Take the power back: 6 scenes of black resistance on film

Black resistance to white oppression is rarely the subject matter of mainstream film, but there have been significant moments of defiance. From Sidney Poitier’s slap to the Bring It On cheerleaders’ ass-shaking eminence, here are the best examples of black stars fighting back.

22 December 2016

By Charlie Brinkhurst-Cuff

In the Heat of the Night (1967)

Considering the long and bloody history of Europe’s colonial adventures in Africa there are still relatively few films that tell the story of black resistance to white oppression. Spectacular, blockbuster films (such as Zulu) that tell of larger battles are relatively rare and seldom told from the black point of view. More often, resistance is portrayed as a series of small victories in an overwhelmingly unfair conflict that has played over centuries, in a multitude of scenarios.
 
There are still very few films dealing with the black experience given a substantial release, which might explain why the subject of black resistance is rarely the subject matter.

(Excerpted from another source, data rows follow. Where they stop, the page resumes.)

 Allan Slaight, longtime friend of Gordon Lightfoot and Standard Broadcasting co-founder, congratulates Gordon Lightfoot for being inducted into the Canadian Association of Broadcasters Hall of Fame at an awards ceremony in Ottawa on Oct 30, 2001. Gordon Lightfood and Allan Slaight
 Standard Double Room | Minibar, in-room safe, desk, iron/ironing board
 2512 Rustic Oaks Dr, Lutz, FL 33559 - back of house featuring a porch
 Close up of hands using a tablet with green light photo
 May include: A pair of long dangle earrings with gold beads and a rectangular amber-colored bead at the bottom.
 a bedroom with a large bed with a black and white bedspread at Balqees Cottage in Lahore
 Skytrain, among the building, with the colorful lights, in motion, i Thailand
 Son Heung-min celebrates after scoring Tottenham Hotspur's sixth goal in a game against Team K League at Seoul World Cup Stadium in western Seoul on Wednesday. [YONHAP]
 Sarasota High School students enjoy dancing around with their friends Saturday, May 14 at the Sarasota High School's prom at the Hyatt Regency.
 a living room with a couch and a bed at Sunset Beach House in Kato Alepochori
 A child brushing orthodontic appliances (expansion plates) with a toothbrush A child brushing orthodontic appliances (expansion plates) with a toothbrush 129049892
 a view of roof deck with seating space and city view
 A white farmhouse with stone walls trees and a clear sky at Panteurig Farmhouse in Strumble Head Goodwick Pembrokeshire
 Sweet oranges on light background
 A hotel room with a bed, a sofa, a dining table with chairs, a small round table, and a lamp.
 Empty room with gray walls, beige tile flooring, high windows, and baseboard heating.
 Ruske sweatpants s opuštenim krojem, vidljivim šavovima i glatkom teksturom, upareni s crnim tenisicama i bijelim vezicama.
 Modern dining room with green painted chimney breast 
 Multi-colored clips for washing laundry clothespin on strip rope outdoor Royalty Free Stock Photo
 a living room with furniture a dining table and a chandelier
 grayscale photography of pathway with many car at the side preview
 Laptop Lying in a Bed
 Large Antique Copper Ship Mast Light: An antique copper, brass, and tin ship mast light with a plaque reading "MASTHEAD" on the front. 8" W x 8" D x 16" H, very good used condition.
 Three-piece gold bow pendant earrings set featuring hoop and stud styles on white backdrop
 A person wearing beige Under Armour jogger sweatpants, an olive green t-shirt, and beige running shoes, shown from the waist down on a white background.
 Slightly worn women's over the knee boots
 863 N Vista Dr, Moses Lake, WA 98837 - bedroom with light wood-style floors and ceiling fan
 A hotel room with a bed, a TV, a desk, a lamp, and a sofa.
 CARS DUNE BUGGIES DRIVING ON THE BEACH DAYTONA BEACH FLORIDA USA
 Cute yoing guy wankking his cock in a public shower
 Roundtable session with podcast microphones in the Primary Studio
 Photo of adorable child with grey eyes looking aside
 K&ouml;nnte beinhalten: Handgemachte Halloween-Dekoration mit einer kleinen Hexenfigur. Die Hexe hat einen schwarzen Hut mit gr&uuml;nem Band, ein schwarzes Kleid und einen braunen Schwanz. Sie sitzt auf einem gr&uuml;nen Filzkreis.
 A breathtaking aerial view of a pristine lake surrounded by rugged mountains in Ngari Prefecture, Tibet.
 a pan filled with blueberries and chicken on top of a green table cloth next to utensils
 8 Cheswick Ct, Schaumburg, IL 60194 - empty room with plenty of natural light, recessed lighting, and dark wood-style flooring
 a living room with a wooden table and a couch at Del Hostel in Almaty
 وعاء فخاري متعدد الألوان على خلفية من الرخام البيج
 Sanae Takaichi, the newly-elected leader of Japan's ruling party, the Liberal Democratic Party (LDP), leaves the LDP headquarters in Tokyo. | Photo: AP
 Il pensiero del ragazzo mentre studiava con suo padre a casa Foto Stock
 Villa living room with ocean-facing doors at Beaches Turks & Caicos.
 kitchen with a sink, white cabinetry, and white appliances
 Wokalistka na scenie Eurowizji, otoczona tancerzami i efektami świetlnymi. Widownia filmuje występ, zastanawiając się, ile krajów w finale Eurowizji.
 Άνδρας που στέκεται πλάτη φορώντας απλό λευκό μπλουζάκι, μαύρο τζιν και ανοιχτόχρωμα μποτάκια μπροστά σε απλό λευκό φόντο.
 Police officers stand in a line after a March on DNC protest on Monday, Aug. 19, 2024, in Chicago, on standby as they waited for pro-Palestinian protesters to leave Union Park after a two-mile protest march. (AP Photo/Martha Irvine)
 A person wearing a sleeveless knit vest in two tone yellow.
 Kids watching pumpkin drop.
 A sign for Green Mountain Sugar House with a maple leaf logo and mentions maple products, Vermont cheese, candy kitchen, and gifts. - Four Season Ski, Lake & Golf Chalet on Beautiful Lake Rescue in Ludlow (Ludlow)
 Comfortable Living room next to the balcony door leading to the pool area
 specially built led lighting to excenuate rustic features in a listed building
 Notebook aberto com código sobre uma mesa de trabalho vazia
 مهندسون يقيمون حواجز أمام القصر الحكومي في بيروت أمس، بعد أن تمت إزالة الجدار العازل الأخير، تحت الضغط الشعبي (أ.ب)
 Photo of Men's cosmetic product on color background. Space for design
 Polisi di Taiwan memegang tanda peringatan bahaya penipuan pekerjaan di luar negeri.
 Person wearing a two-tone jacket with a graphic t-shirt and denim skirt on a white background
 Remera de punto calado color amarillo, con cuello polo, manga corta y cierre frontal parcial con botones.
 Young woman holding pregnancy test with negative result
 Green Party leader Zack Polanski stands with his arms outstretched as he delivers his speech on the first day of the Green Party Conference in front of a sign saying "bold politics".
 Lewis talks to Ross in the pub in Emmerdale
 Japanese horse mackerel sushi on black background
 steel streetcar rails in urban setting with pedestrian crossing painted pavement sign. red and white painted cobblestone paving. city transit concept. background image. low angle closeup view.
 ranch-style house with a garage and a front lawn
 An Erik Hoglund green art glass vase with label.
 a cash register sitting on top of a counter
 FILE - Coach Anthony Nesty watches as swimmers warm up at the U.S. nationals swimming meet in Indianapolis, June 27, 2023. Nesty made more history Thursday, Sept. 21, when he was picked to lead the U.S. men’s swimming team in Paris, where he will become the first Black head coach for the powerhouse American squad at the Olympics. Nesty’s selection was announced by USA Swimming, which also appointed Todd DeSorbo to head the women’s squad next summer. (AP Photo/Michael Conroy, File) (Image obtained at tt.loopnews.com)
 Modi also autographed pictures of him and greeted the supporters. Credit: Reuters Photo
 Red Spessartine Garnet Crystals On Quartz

But here are six films that show black people taking a stand against racism.

In the Heat of the Night (1967)

In the Heat of the Night (1967)

A murder mystery set in Mississippi, In the Heat of the Night sees Sidney Poitier, playing police lieutenant Virgil Tibbs, accused of a killing, before it’s resolved that he is, in fact, a police officer himself. He then goes on to help solve the case. Tibbs shows in no uncertain terms that he will not be disrespected on the grounds of his skin colour. The southern police chief, played by Rod Steiger, accosts him: “Virgil, that’s a funny name for a nigger boy that comes from Philadelphia, what do they call you up there?” “They call me Mr Tibbs!” Poitier retorts.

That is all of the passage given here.